Prepare for competition
We often walk into competitions having never practiced the pressure. Charlie explained that he coached a rider who was reluctant to do this. Charlie asked him to visualise his home arena as the Badminton centre line. The rider’s heart rate went up, the horse got fidgety, the rider got annoyed. But better that happens at home and they plan/know how to cope rather than finding this out on the hallowed turf! Do your thinking upfront. Learn how to manage it.
Children regularly practice pressure, think inside out, ask for help. This goes away as adults – we need to bring it back!
Soldiers and A&E doctors, amongst others, practice pressure frequently. Then they know they can perform under pressure.
Charlie asks his riders to practice pressure, recreate the body’s reaction to pressure – so much he knows that it’s illegal to make someone drink more than 8 cups of coffee! BUT there is zero point practicing pressure unless you have done the homework on the quality. The deconstruction, the blueprint, the practicing for quality must be done first. Otherwise you apply pressure, you fail, and lose all confidence.
You can’t practice pressure unless the process is established.
We learned from Charlie’s army experience about confidence and commitment. A lesser plan executed with 100% confidence is better than a 100% plan executed badly.
We should also not confuse nerves and relaxation. Our nerves are reflected in our heart rate – and even with the most racing of hearts we can still allow our muscles to relax.
We closed by discussing riding trainers and coaches. We all potentially want more of a coach – to support, help plan. But in riding world we often get “trainers” who simply instruct us for an hour. Charlie challenged us to give our trainers permission to be a coach, explain that we would like them to spend time in that way.

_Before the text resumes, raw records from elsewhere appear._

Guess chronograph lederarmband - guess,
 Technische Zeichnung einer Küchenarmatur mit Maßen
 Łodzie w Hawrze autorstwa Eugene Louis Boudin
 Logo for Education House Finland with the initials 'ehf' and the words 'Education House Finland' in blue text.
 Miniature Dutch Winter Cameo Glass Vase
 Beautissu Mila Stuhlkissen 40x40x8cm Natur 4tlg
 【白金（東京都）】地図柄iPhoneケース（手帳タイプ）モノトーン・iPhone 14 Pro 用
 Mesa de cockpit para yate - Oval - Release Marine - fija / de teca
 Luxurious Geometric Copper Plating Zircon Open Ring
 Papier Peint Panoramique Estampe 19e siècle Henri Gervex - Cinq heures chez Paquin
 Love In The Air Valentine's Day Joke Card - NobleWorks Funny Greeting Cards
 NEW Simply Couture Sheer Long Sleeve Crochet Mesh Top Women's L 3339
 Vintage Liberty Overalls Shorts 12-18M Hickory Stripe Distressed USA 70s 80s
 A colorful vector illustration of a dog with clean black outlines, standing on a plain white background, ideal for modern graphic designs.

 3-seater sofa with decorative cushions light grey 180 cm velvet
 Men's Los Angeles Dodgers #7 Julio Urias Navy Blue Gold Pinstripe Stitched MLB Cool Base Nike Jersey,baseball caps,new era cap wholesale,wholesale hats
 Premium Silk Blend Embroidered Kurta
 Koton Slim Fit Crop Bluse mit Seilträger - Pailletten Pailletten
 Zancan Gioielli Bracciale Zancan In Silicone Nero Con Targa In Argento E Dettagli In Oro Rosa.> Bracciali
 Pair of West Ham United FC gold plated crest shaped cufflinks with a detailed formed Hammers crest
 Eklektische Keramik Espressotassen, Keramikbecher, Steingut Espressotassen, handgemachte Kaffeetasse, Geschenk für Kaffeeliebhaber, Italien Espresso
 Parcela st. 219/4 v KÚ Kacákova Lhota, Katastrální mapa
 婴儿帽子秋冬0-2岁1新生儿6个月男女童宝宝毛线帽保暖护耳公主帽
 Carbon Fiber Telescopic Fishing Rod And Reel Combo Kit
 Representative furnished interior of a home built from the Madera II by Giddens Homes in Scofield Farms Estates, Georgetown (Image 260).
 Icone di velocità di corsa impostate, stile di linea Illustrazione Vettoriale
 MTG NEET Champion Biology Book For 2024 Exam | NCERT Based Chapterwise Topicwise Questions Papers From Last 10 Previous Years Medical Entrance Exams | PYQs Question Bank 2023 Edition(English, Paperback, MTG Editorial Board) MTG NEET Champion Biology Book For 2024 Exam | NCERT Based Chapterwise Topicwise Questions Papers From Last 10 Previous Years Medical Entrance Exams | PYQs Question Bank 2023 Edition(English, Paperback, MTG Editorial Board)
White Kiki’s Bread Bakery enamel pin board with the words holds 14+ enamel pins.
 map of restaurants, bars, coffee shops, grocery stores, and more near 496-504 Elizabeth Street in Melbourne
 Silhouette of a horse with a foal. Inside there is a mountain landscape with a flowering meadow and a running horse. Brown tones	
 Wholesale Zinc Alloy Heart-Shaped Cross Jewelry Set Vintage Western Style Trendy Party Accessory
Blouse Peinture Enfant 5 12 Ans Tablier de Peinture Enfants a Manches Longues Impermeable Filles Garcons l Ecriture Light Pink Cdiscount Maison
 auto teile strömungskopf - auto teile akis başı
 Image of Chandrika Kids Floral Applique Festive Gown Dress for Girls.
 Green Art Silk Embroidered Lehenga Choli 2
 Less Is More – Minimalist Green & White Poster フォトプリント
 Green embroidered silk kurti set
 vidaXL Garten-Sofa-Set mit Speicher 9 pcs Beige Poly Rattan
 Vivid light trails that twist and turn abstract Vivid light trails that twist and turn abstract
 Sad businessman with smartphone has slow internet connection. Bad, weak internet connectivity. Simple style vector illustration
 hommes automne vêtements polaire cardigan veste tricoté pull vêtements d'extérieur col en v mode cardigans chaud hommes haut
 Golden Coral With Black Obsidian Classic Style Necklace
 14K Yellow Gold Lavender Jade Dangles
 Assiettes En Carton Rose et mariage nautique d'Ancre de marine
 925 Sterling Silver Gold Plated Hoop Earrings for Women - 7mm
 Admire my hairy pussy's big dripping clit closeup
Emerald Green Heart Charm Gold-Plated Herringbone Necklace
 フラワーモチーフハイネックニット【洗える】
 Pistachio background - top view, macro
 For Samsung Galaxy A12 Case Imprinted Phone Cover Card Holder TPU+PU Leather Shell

If we want that support, we need to build a well rounded relationship – a lot of the responsibility is on us.
And last but not least – sleep and recovery. Many performance enhancing drugs focus on recovery, and it is key. And sleep – research continues to prove that sleep has a profound effect on performance and especially performance psychology. Be aware of, and invest in your sleep over a short term cycle – e.g. a week. A sleepless night due to meeting or eventing nerves is ok if the week has been good for sleep.